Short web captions

• • • •

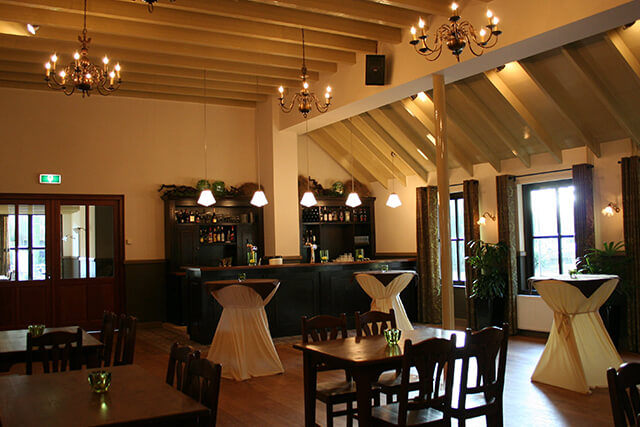 Café Schuttershof. Een van onze zalen, het Oude Parochiehuis.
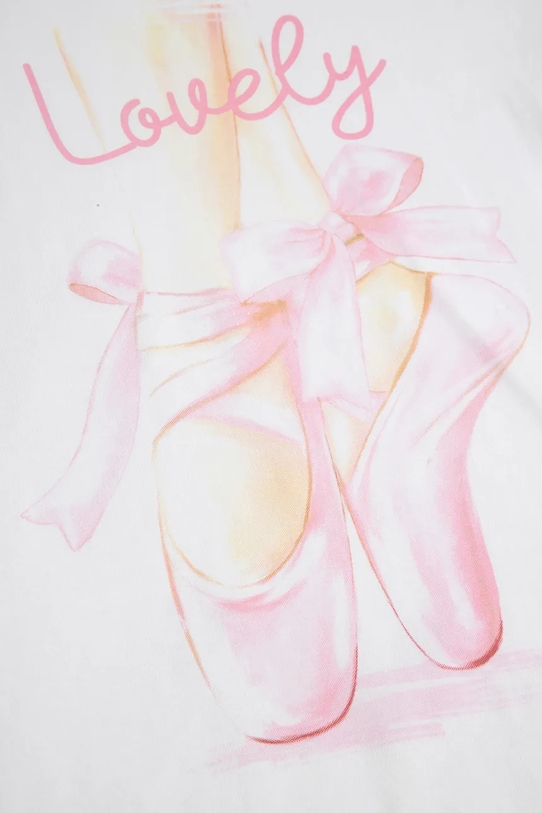 Παιδικό μπλουζάκι Coccodrillo λευκό WC6143206VGA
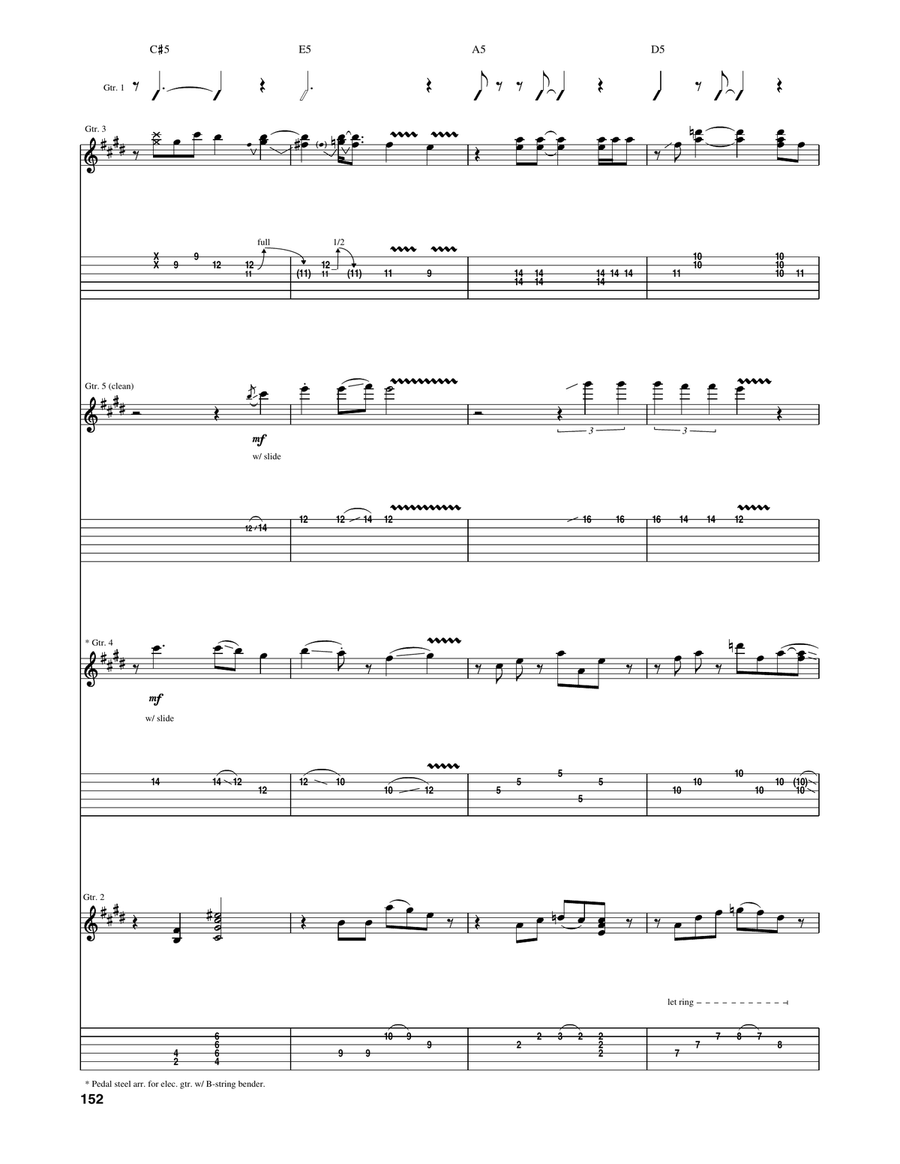 Shattered Shattered Acoustic Guitar scores gallery preview page 6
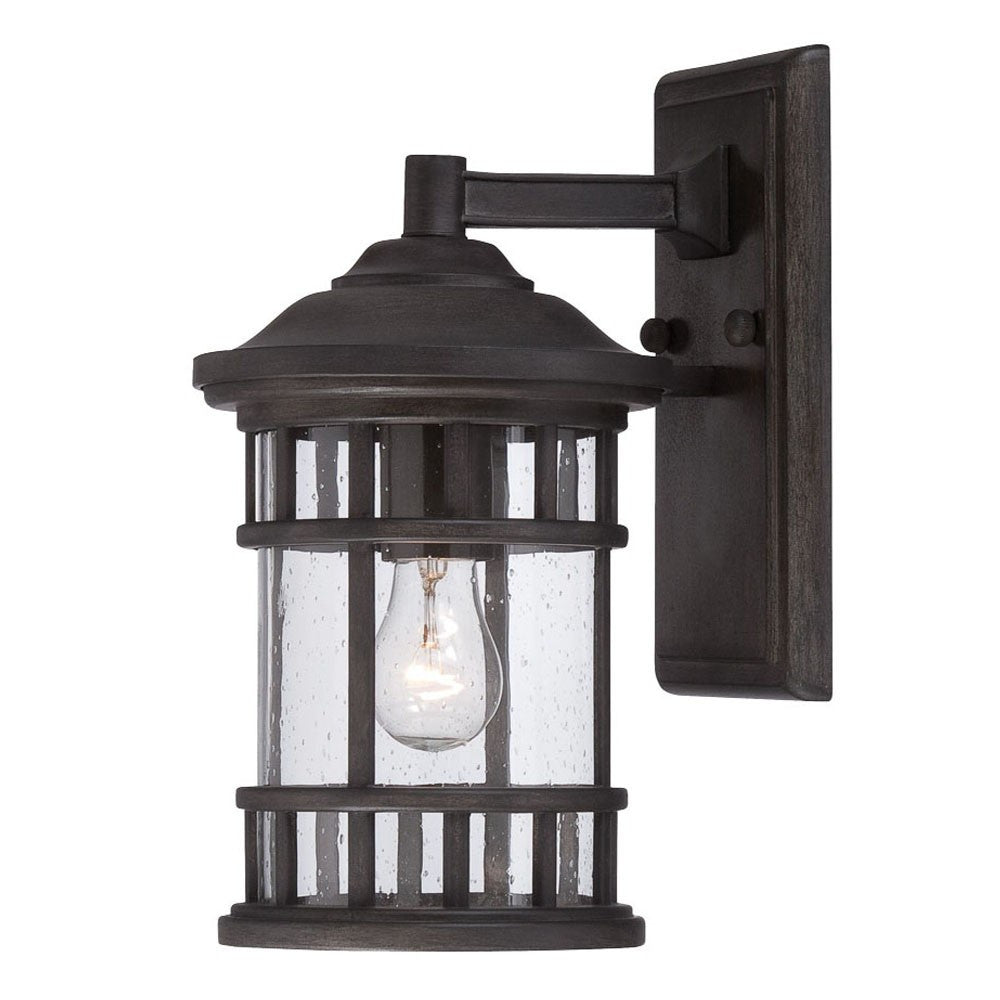 HomeRoots XL Canister Wall Light in Matte Black Finish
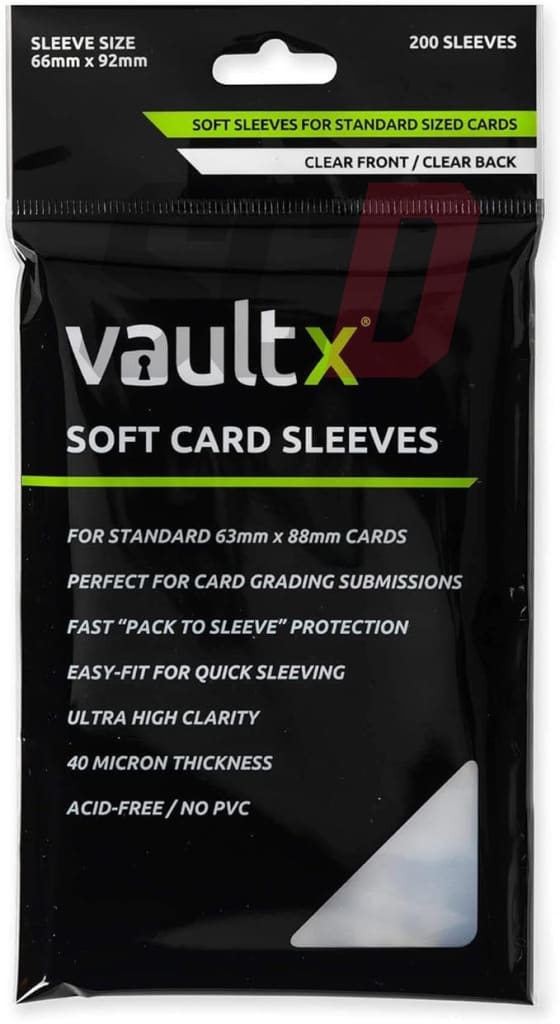 Vault X Soft Card Sleeves (200 Pack)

• • • •

» **ASSIGNED TASK**
Transcribe all the lines above exactly; any image among them is skipped.

» **TASK RESPONSE**
 Café Schuttershof. Een van onze zalen, het Oude Parochiehuis.
 Παιδικό μπλουζάκι Coccodrillo λευκό WC6143206VGA
 Shattered Shattered Acoustic Guitar scores gallery preview page 6
 HomeRoots XL Canister Wall Light in Matte Black Finish
 Vault X Soft Card Sleeves (200 Pack)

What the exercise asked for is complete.